Six cubes are glued together to form the solid shown in the diagram. If the edges of each cube measure 1 \(\frac{1}{2}\) inches in length, what is the surface area of the solid?

Answer:
There are 26 square cube faces showing on the surface area of the solid (5 each from the top and bottom view, 4 each from the front and back view, 3 each from the left and right side views, and 2 from the “inside” of the front).
A = s²
A = (1 \(\frac{1}{2}\) in.)²
A = (1 \(\frac{1}{2}\) in.)(1 \(\frac{1}{2}\) in.)
A = 1 \(\frac{1}{2}\) in.(1 in. + \(\frac{1}{2}\) in.)
A = (1 \(\frac{1}{2}\) in. ∙ 1 in.) + (1 \(\frac{1}{2}\) in. ∙ \(\frac{1}{2}\) in.)

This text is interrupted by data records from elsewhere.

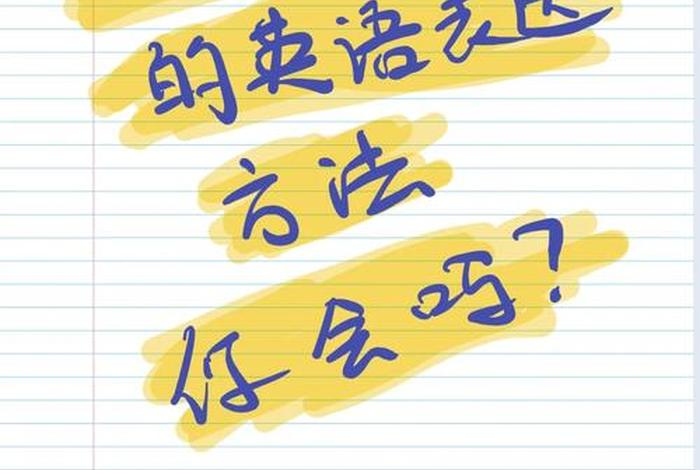 学习的语言表达方式 学语言表达有哪些好处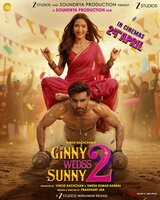 Ginny Wedss Sunny 2 Offer : Buy 2 Tickets & Get 1 Free on BookMyShow (Till 30th April)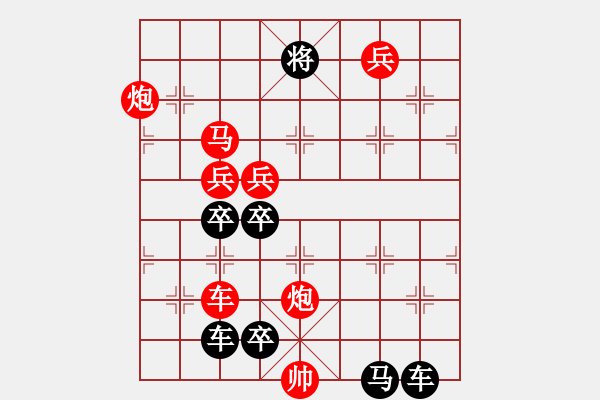 象棋棋譜圖片：琪花弈草 秦臻 - 步數(shù)：20 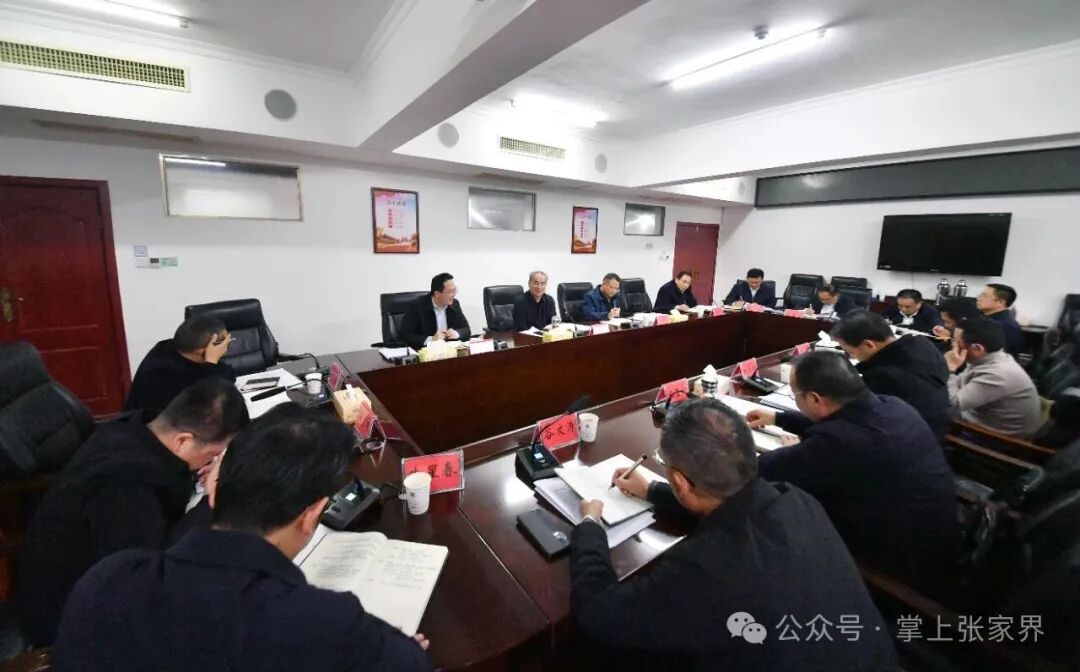 张家界市调度微短剧产业发展工作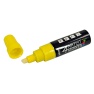 Artist Marker 8mm/ yellow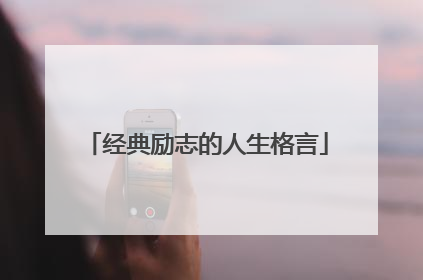 经典励志的人生格言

A = 1 \(\frac{1}{2}\) in² + \(\frac{3}{4}\) in²
A = 1 \(\frac{2}{4}\) in² + \(\frac{3}{4}\) in²
A = 1 \(\frac{5}{4}\) in² = 2 \(\frac{1}{4}\) in²

SA = 26 ∙ (2 \(\frac{1}{4}\) in²)
SA = 52 in² + \(\frac{26}{4}\) in²
SA = 52 in² + 6 in² + \(\frac{1}{2}\) in²
SA = 58 \(\frac{1}{2}\) in²
The surface area of the solid is 58 \(\frac{1}{2}\) in².